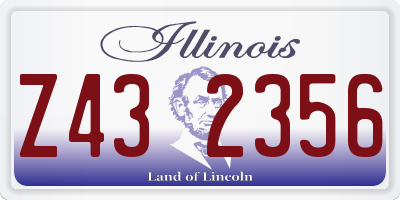 IL license plate Z432356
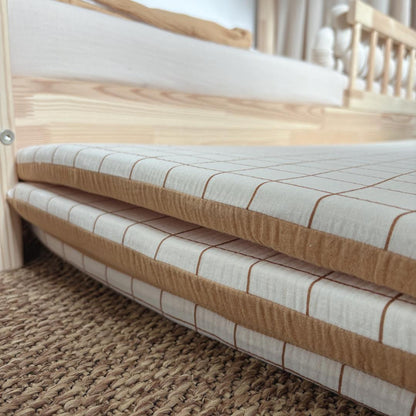 MAXI Tapis de motricité Marcel Camel/Ecru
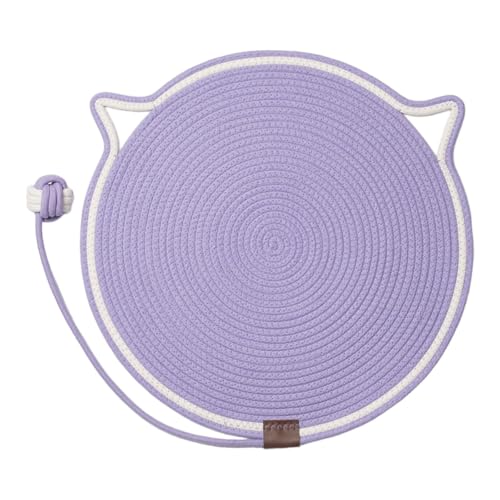 Aymzbd Kratzunterlage für Katzen mit Spielzeug und interaktivem Ball für Zuhause, Lila Aymzbd Kratzunterlage für Katzen mit Spielzeug und interaktivem Ball für Zuhause, Lila von Aymzbd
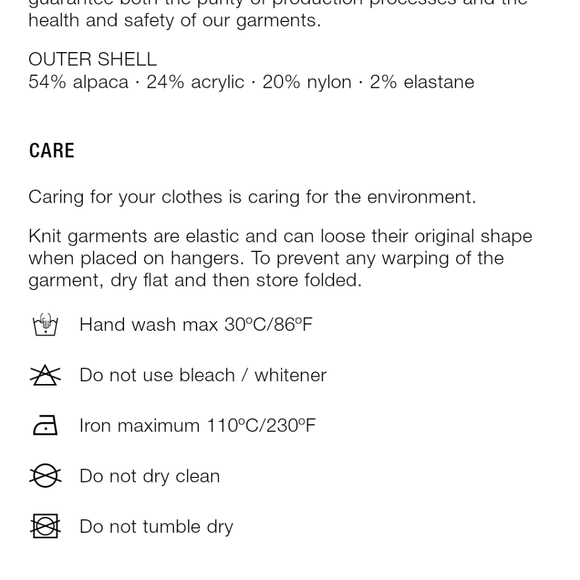 Zara long blue alpaca blend coat limited edition 💙 - Picture 8 of 8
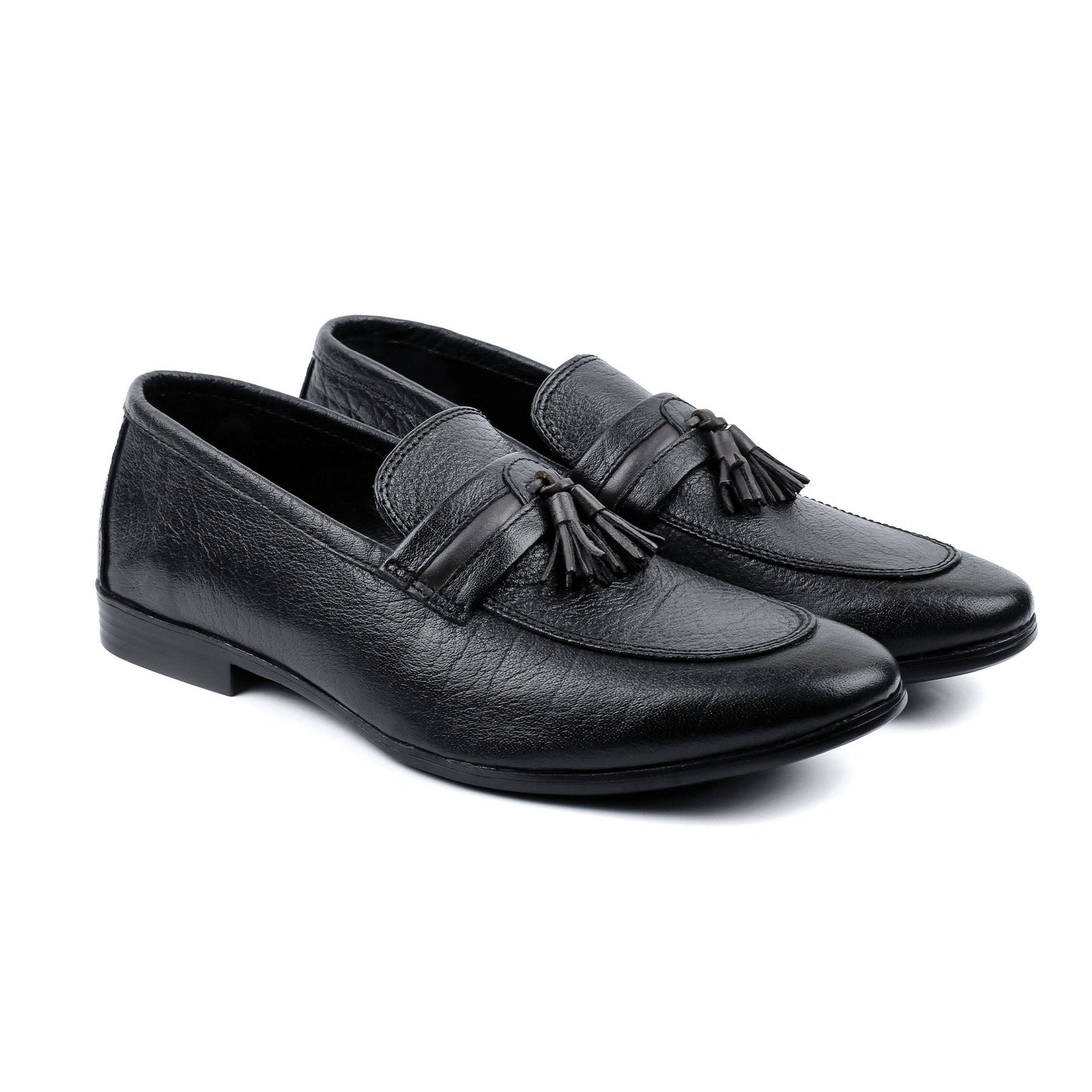 CONTRAST TASSEL LEATHER SHOES - Hi-Street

:::::

_GOAL OF THE EXERCISE_.
Pictures in the records must not appear in the copy; transcribe everything else precisely.

_TASK RESULT_.
 IL license plate Z432356
 MAXI Tapis de motricité Marcel Camel/Ecru
 Aymzbd Kratzunterlage für Katzen mit Spielzeug und interaktivem Ball für Zuhause, Lila Aymzbd Kratzunterlage für Katzen mit Spielzeug und interaktivem Ball für Zuhause, Lila von Aymzbd
 Zara long blue alpaca blend coat limited edition 💙 - Picture 8 of 8
 CONTRAST TASSEL LEATHER SHOES - Hi-Street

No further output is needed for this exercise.